Please note this has been cancelled
Sausages, Pancakes, and Bananas: The Diet of Uncertainty Quantification in Space Surveillance
What do the problems of (a) maintaining a catalog of Earth-orbiting space objects, (b) computing a probability of collision between two space objects, and (c) determining where to point a sensor to maximize information gain, all have in common? Answer: They are require a faithful representation of the uncertainty in the orbital state of a space object. Traditionally, such uncertainties or probability density functions (PDFs) are represented as multivariate Gaussian distributions. In many cases, the covariance matrix of the Gaussian is not well-conditioned leading to "sausage" or "pancake" shaped ellipsoids (level sets). In some extreme cases, these ellipsoids can deform into banana-shaped level sets.
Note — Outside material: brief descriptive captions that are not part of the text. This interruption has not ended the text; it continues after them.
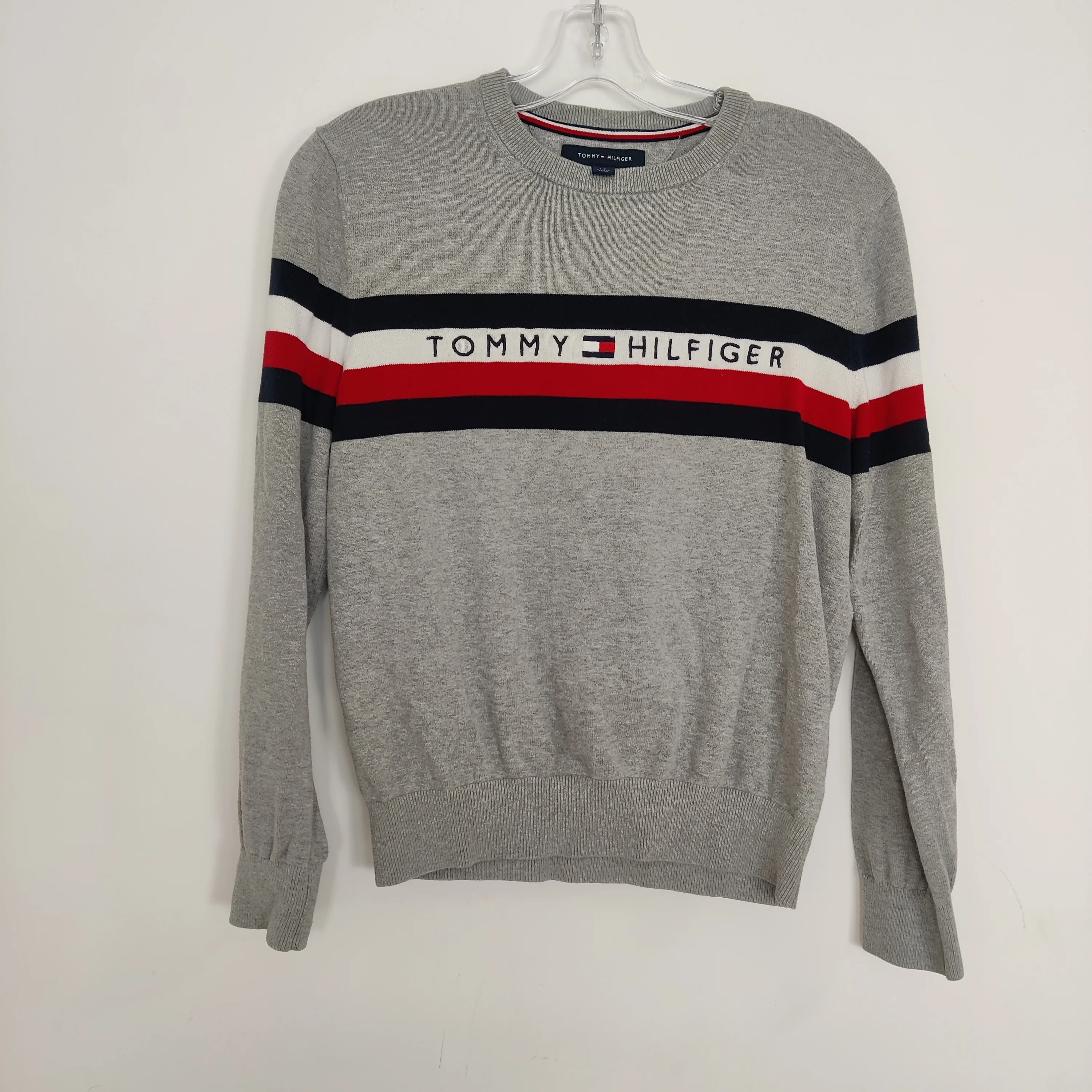 Tommy Hilfiger Men's Silver Grey Sweater Size Small thumbnail
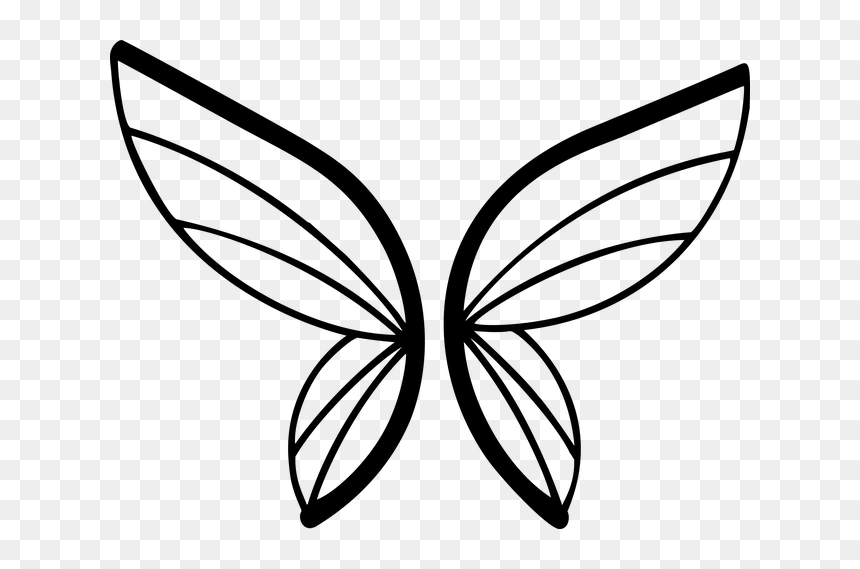 Butterfly, Insect, Wings, Animal, Silhouette - Abstract Butterfly, HD Png Download - wing silhouette png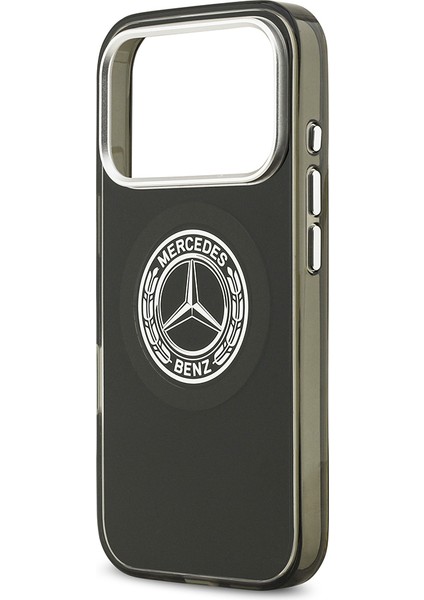 iPhone 17 Pro Kılıf Mercedes Benz Lisanslı M-Safeli Çift Katmanlı Pc Nostaljik Yıldız Kapak Siyah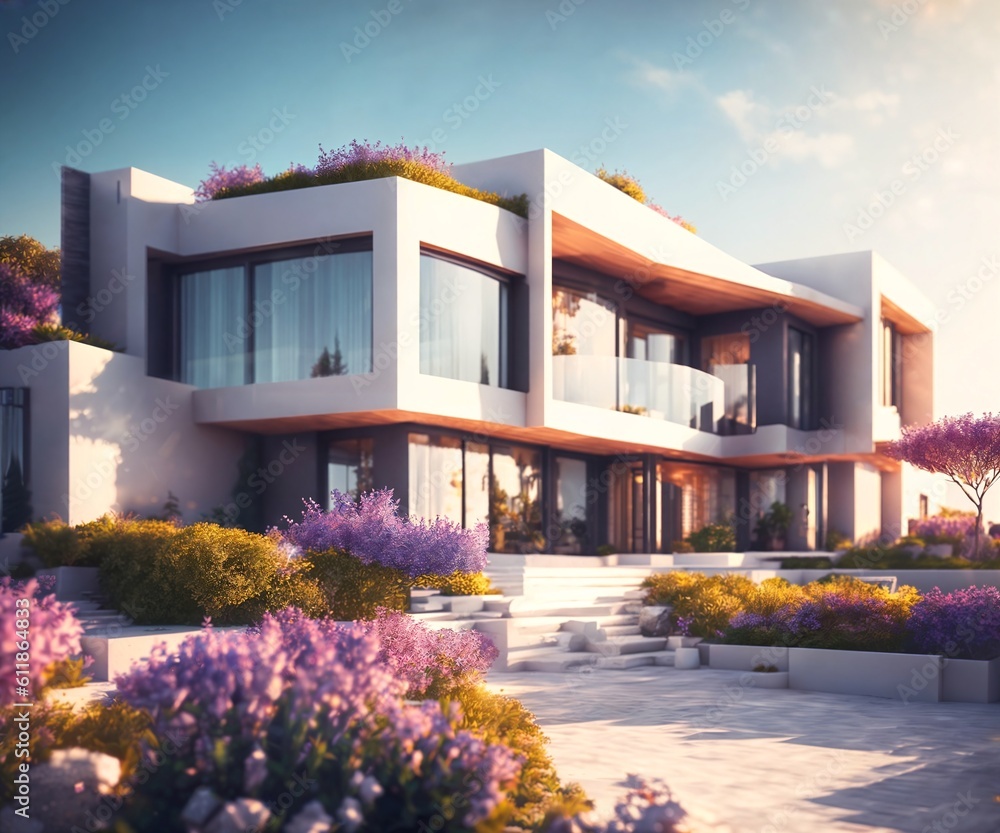 design of luxury modern house, generative AI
In this talk, I will review a recently developed PDF called the Gauss von Mises distribution  that more faithfully characterizes these orbital uncertainties. I will then describe how a GVM distribution is propagated in time under the perturbed two-body problem of orbital mechanics, in support of the aforementioned problems (a)-(c). Finally, I will demonstrate how one can verify if a propagated GVM distribution is indeed realistic using the framework of empirical distribution function testing.
 J. T. Horwood and A. B. Poore, "Gauss von Mises distribution for improved uncertainty realism in space situational awareness," SIAM Journal of Uncertainty Quantification, vol. 2, pp. 276–304, 2014.